BEGIN Records shown

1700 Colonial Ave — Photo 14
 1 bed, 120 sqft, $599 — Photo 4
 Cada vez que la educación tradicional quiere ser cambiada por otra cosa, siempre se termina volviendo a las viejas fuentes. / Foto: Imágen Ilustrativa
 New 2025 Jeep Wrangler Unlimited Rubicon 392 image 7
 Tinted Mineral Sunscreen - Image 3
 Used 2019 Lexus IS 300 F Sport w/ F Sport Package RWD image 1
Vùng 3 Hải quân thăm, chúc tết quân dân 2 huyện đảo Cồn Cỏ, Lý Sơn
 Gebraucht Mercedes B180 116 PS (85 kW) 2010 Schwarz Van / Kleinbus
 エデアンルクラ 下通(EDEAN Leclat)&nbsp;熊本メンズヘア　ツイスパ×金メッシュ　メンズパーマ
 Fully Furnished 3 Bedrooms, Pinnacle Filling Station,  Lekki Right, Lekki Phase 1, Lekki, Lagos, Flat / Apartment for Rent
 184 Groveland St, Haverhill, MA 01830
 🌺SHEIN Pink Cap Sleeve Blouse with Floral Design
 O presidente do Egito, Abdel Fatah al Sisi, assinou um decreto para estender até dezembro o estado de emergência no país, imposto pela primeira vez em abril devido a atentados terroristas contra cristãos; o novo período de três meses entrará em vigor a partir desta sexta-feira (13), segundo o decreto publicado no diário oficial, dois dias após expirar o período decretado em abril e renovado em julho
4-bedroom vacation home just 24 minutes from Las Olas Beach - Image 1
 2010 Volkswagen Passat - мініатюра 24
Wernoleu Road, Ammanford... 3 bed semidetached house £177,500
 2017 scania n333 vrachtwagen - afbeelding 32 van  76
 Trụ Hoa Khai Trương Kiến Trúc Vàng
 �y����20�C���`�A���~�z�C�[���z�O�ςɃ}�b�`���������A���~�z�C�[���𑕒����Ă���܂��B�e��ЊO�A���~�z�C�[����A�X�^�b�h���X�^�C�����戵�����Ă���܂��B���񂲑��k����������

END Records shown

◆ **Task details**: From the line that contains "O presidente do" down to the last line above, print each line exactly as it appears.

◆ **Answer section**:
 O presidente do Egito, Abdel Fatah al Sisi, assinou um decreto para estender até dezembro o estado de emergência no país, imposto pela primeira vez em abril devido a atentados terroristas contra cristãos; o novo período de três meses entrará em vigor a partir desta sexta-feira (13), segundo o decreto publicado no diário oficial, dois dias após expirar o período decretado em abril e renovado em julho
4-bedroom vacation home just 24 minutes from Las Olas Beach - Image 1
 2010 Volkswagen Passat - мініатюра 24
Wernoleu Road, Ammanford... 3 bed semidetached house £177,500
 2017 scania n333 vrachtwagen - afbeelding 32 van  76
 Trụ Hoa Khai Trương Kiến Trúc Vàng
 �y����20�C���`�A���~�z�C�[���z�O�ςɃ}�b�`���������A���~�z�C�[���𑕒����Ă���܂��B�e��ЊO�A���~�z�C�[����A�X�^�b�h���X�^�C�����戵�����Ă���܂��B���񂲑��k����������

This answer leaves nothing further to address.